Data provided: Begin
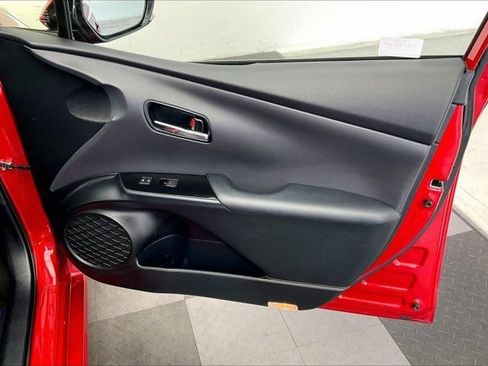 Used 2020 Toyota Prius Prime LE FWD image 27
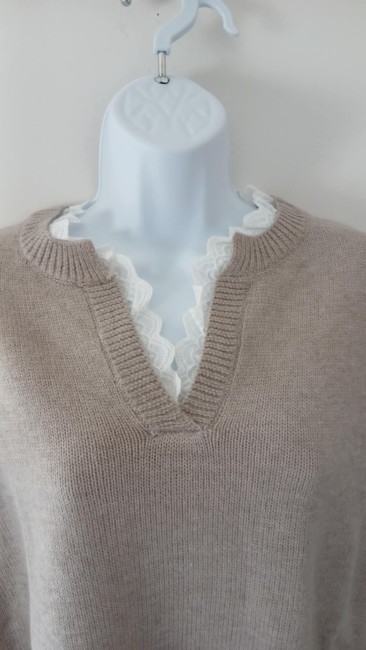 Pull taupe avec bordure dentelle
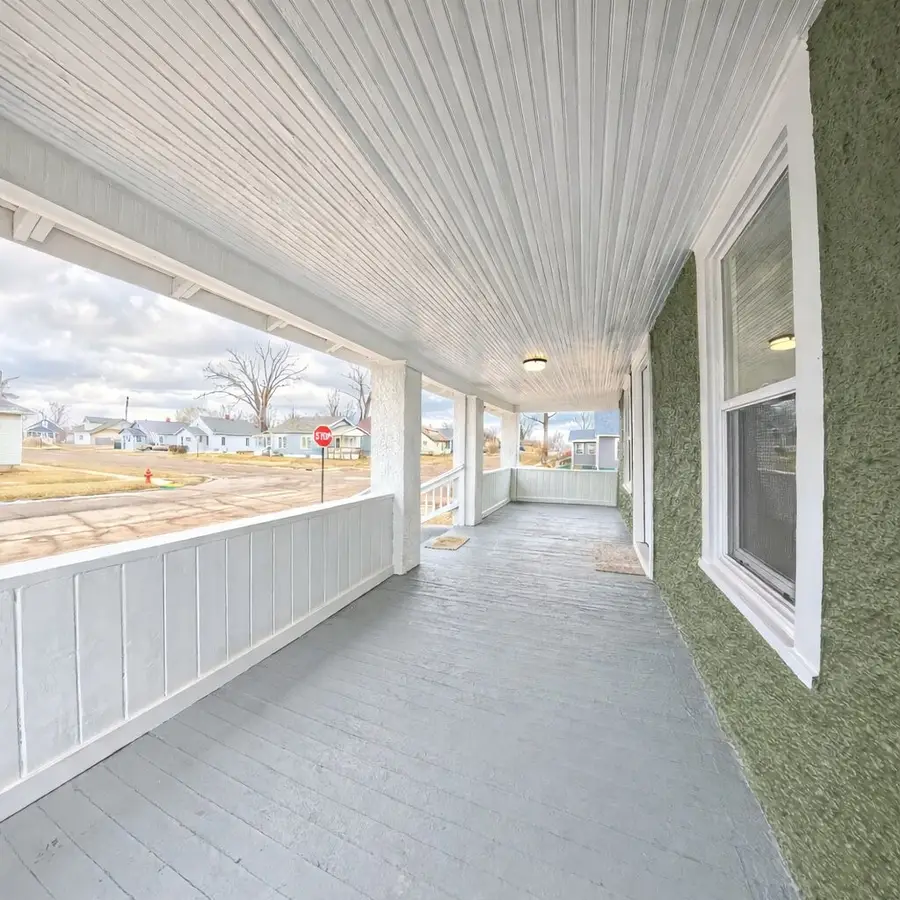 17 N 11th Avenue, Marshalltown, IA 50158 - #3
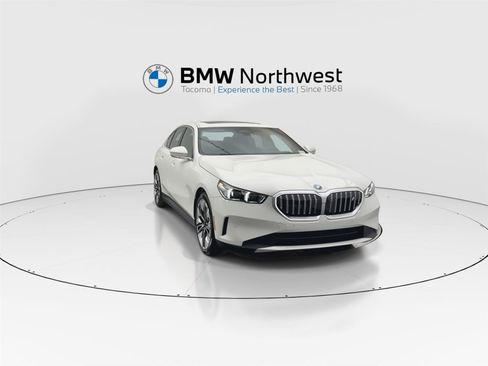 New 2026 BMW i5 eDrive40 AWD/4WD image 7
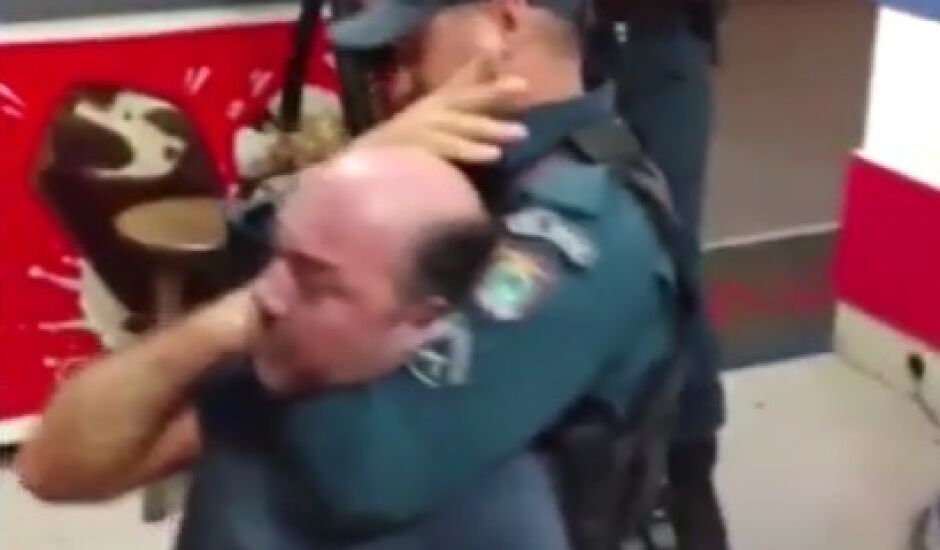 Homem resiste à prisão e é imobilizado por policiais militares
Data provided: End
Exercise
Your task is to set down the records shown above exactly, minus any pictures.

Output
 Used 2020 Toyota Prius Prime LE FWD image 27
 Pull taupe avec bordure dentelle
 17 N 11th Avenue, Marshalltown, IA 50158 - #3
 New 2026 BMW i5 eDrive40 AWD/4WD image 7
 Homem resiste à prisão e é imobilizado por policiais militares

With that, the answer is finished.